Now suppose that we solve the model, get an optimal solution with objective value $C$, and decide that we want some variety or flexibility in our decisions. (The virtues of this in real life have been discussed on other blogs and forums; since I'm just cooking up an example, I won't try to justify myself here.) So we'll choose some fraction $\delta>0$ such that we are interested in exploring "near-optimal" solutions having cost $\le (1+\delta)C$, and look for some number $K$ of such solutions. To maximize the diversity of the solutions we get, we will maximize the minimum
L1 distance between any two solutions. The L1 norm\[
\left\Vert x\right\Vert _{1}=\sum_{i}|x_{i}|
\]is one of two norms (along with\[
\left\Vert x\right\Vert _{0}=\max_{i}|x_{i}|,
\]the L0 norm) that linearizes, and so is a nice fit with an LP or MILP.
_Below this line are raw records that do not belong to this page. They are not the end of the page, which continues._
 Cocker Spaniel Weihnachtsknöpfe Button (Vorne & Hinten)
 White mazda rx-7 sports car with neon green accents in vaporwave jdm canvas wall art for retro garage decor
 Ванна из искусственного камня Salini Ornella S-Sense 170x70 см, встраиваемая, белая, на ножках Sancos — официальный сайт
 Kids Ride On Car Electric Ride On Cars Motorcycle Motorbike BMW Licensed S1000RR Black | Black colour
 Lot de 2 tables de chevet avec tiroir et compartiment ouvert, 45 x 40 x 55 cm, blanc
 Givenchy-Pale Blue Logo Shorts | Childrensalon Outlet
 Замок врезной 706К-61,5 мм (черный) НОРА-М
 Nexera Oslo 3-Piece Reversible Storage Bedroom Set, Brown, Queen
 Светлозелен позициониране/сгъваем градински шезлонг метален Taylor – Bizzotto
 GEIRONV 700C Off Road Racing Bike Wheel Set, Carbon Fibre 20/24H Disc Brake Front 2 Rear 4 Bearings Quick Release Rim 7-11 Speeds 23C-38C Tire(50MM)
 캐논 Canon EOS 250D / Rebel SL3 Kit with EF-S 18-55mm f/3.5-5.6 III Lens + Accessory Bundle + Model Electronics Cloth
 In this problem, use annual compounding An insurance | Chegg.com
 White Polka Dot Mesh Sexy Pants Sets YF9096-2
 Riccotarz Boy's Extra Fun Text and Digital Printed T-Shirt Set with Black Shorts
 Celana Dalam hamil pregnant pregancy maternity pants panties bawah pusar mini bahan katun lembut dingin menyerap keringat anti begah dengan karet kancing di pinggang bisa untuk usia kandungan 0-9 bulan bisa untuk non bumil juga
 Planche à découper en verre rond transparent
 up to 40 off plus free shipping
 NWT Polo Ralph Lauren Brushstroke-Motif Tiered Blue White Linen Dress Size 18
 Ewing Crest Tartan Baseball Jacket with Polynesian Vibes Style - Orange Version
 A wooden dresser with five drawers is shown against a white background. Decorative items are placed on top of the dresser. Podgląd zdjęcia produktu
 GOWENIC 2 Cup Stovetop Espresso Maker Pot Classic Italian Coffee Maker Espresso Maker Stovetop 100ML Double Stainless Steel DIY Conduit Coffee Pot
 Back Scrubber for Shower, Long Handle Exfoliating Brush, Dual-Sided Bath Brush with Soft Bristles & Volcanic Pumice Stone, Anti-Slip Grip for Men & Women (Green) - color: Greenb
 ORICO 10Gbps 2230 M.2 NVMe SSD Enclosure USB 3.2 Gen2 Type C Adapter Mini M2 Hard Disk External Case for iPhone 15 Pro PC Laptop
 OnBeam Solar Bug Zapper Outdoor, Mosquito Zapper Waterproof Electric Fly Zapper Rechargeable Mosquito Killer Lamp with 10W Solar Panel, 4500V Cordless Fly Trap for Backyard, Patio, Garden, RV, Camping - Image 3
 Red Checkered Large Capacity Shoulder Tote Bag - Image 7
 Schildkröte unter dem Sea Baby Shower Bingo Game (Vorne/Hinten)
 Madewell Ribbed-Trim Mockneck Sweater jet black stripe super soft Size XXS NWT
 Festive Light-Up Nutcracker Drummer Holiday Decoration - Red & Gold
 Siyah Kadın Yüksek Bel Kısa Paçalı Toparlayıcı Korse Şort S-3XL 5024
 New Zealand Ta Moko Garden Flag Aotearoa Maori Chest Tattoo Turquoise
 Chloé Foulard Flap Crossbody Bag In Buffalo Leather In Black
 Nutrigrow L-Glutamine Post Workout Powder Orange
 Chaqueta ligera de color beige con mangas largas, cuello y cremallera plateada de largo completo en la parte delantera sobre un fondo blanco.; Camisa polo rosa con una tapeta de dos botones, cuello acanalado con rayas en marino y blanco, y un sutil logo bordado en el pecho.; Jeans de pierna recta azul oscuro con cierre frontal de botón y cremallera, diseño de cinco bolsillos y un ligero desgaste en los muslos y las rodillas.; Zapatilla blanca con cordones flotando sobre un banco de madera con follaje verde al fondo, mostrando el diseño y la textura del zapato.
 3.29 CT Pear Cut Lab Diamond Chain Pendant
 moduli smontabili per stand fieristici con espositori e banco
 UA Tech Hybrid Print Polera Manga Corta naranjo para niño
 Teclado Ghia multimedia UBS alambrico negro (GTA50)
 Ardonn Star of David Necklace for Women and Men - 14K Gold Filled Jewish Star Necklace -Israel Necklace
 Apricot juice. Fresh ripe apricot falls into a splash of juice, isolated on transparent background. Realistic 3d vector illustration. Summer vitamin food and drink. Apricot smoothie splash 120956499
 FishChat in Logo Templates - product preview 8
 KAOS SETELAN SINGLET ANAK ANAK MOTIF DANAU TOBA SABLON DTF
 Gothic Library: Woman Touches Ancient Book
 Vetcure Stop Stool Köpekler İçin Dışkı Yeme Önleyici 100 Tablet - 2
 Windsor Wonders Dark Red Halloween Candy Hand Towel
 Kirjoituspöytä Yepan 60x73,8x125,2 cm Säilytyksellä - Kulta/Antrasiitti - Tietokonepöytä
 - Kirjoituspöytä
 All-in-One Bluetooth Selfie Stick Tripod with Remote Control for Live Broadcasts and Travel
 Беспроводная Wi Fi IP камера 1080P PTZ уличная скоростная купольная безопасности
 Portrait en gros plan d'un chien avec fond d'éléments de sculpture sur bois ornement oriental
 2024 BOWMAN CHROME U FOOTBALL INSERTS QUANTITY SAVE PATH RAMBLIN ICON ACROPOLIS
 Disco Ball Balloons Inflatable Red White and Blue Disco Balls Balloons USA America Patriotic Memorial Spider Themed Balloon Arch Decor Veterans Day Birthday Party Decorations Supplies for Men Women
Adding a superscript $k$ to $x$ to indicate which candidate solution it is, our model becomes
\begin{gather*}
\textrm{maximize } z\\
\textrm{s.t. }\sum_{i=1}^M x_{ij}^k\ge d_j\quad\forall j\in
\{1,\dots,N\},k\in\{1,\dots,K\}\\
\sum_{j=1}^N x_{ij}^k\le s_i\quad\forall i\in
\{1,\dots,M\},k\in\{1,\dots,K\}\\
0\le x_{ij}^k\le \min(s_i,d_j)\quad\forall i,j,k\\
\sum_{ij}c_{ij}x_{ij}^k\le (1+\delta)C\quad\forall k\\
0\le z\le z_{hk}\quad\forall h,k\in\{1,\dots,K\},h<k\\
z_{hk}=\sum_{i,j}|x_{ij}^k-x_{ij}^h|\quad\forall h,k\in\{1,\dots,K\},h<k.\end{gather*}Here $z_{hk}$ is the L1 distance between solutions $h$ and $k$, and $z$ is the minimum distance between any pair of solutions. (As an aside, this formulation is not guaranteed to produce the optimal solution; but you already know that one, since it was necessary to solve the original problem to find $C$.) The trick now is to linearize that last constraint.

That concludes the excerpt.